Ero l’unica extracomunitaria in classe e la Croazia, dove dovevamo andare, non era ancora entrata nell’Unione Europea. Mia madre dovette andare a Roma per farmi ottenere il visto. Riuscii a partire, ma arrivata alla dogana rimasi ferma mezz’ora al controllo e tutti furono costretti ad aspettare me, l’albanese“, ha raccontato Kristiana, una ragazza di 27 anni che vive a Rimini da quando ha sei anni e mezzo.

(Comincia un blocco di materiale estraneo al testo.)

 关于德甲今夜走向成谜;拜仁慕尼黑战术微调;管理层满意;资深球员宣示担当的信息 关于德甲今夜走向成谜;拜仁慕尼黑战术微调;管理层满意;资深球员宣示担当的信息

“Siamo una generazione che vive nella precarietà, ma noi italiani senza cittadinanza abbiamo ancora meno possibilità degli altri. Ero ancora a scuola quando ho scoperto di non poter intraprendere nessuna carriera militare, compresa quella nella Guardia costiera e nella Marina militare. Mi sarebbe stato impedito anche navigare come allievo o su navi mercantili o di trasporto passeggeri. Nel frattempo, da cittadina straniera nel mio Paese, sto scoprendo tutte le altre limitazioni del mio non essere considerata italiana: ci sono difficoltà a prendere un prestito, persino per acquistare un telefono a rate. Le compagnie telefoniche hanno delle graduatorie interne dei ‘cattivi pagatori’ fatte anche in base alla nazionalità e se hai quella sbagliata è molto difficile tu possa ottenere un comodato d’uso”, ha raccontato inoltre.

Dalla carriera allo sport: tutti i no che si sentono dire

Non solo scuola e carriera: non avere la cittadinanza italiana può compromettere anche la professione sportiva. “Nel 2019, ho vinto il primo titolo italiano e lì ho sperimentato sulla mia pelle che non avere la cittadinanza rappresentava un enorme ostacolo. Il motivo? Pur essendo campionessa italiana nella mia categoria, non ho potuto vestire la maglia azzurra e rappresentare l’Italia in una competizione internazionale che si teneva a Baku, in Azerbaijan. Nell’ultimo anno ho vinto altri premi in Italia, i 3 chilometri, i 20 chilometri e ultimamente i 10mila metri in pista. Il problema è che ad agosto ci sono i mondiali under 20 ma, salvo miracoli della burocrazia italiana, non potrò parteciparvi“, ha spiegato Alexandra, una ragazza nata in Moldavia che vive in Italia da quando ha cinque anni.

Per combattere contro questo status quo, Hiba Kristiana e Alexandra hanno aderito alla campagna Obiettivo Cittadinanza, promossa dall’associazione CittadinanzAttiva e dal movimento Italiani senza cittadinanza. “La legge attualmente in discussione aiuterebbe circa 280mila alunni delle scuole italiane a ottenere la cittadinanza, ma taglierebbe fuori tutti quelli che nel frattempo sono cresciuti e hanno già svolto da tempo il percorso scolastico di cinque anni”, ha spiegato Fioralba, arrivista di Italiani senza cittadinanza. Lei, per esempio, ha studiato qui, ha una laurea e ancora spera di riuscire a diventare italiana. Aspetta due gemelli insieme a suo marito, e nemmeno loro saranno riconosciuti come italiani tanto facilmente.